SUPPLIED RECORDS
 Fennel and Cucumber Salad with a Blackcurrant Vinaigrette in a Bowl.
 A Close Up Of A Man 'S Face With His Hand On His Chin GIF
* * *
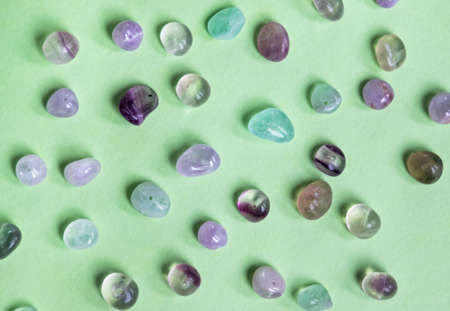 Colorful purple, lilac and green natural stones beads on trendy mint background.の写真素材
* * *
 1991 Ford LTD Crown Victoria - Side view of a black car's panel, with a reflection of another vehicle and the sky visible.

PROMPT
Starting at the line above that holds "Fennel and Cucumber" and ending at the line that holds "A Close Up Of", transcribe each line exactly and include no other lines.

FINAL ANSWER
 Fennel and Cucumber Salad with a Blackcurrant Vinaigrette in a Bowl.
 A Close Up Of A Man 'S Face With His Hand On His Chin GIF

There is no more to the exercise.